For provider-specific E2E testing (E2E server endpoints, full pipeline with providers):

→ Provider Implementation Guide - Testing Your Provider

Covers:

E2E server mock endpoint implementation
Provider works in full pipeline
Multiple providers work together
E2E test checklist for new providers

Real API Testing (Manual Mode)¶

Some providers support real API testing for manual validation:

Ollama (Local Server):

# Prerequisites: Ollama installed and running
ollama serve  # Start server
ollama pull llama3.3:latest  # Pull models

# Run tests with real Ollama
USE_REAL_OLLAMA_API=1 \
pytest tests/e2e/test_ollama_provider_integration_e2e.py -v

OpenAI/Gemini (Cloud APIs):

# Set environment variable to use real APIs
USE_REAL_OPENAI_API=1 pytest tests/e2e/test_openai_provider_integration_e2e.py
USE_REAL_GEMINI_API=1 pytest tests/e2e/test_gemini_provider_integration_e2e.py

Note: Real API mode preserves test output for inspection and will incur costs for cloud APIs.
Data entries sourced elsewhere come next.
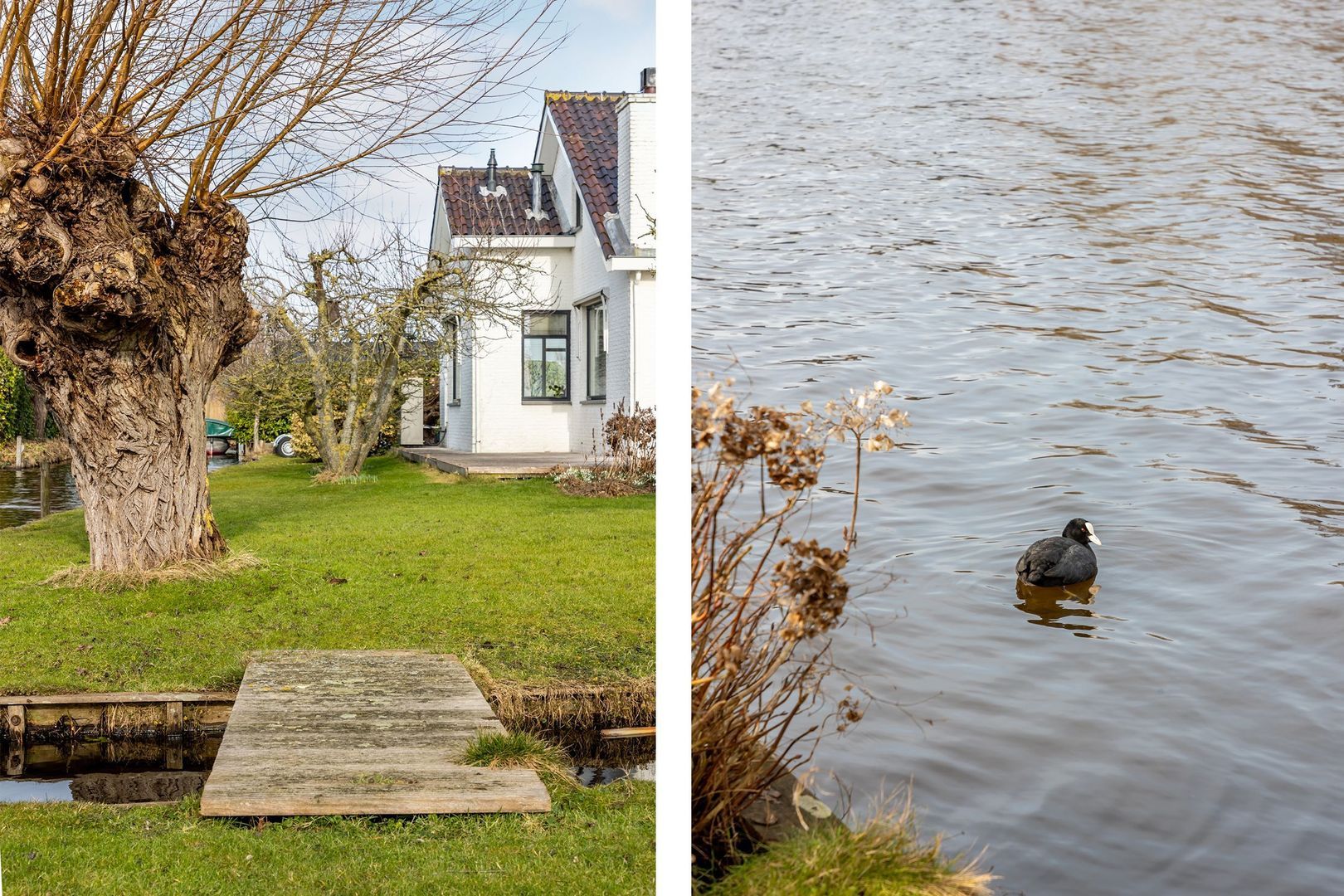 Nieuwenbroeksedijk 4 a, Reeuwijk foto-49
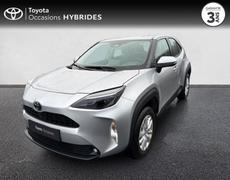 Toyota Yaris Cross - 116h Dynamic Business MC24 - 23 480 €
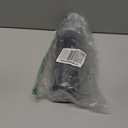 Owala FreeSip Insulated Stainless Steel Water Bottle with Straw for Sports and Travel, BPAFree, 24oz, Foggy Tide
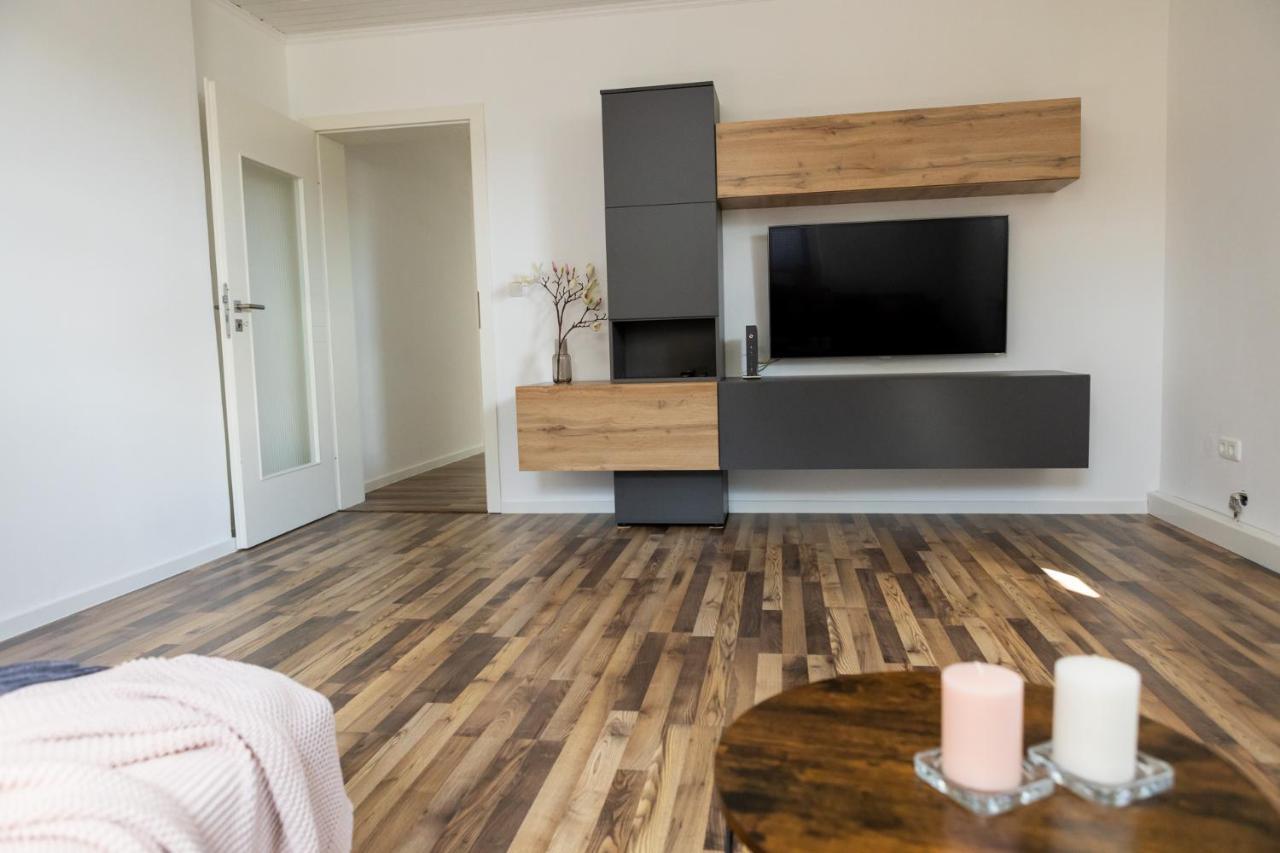 Schoene Ferienwohnung In Oberkotzau Am Fichtelgebirge Zewnętrze zdjęcie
See Ollama Provider Guide for detailed Ollama setup and troubleshooting.

Coverage Targets¶

Total tests: ~230
Focus: Complete user workflows, production-like scenarios
Line coverage (pytest E2E): Full podcast_scraper package in the coverage denominator (same pyproject.toml [tool.coverage.run] as other tiers; no subtree omit file). Threshold and CI wiring: Testing Guide — coverage thresholds. Roles of pytest E2E vs HTTP integration vs Playwright: Testing Strategy — layer roles.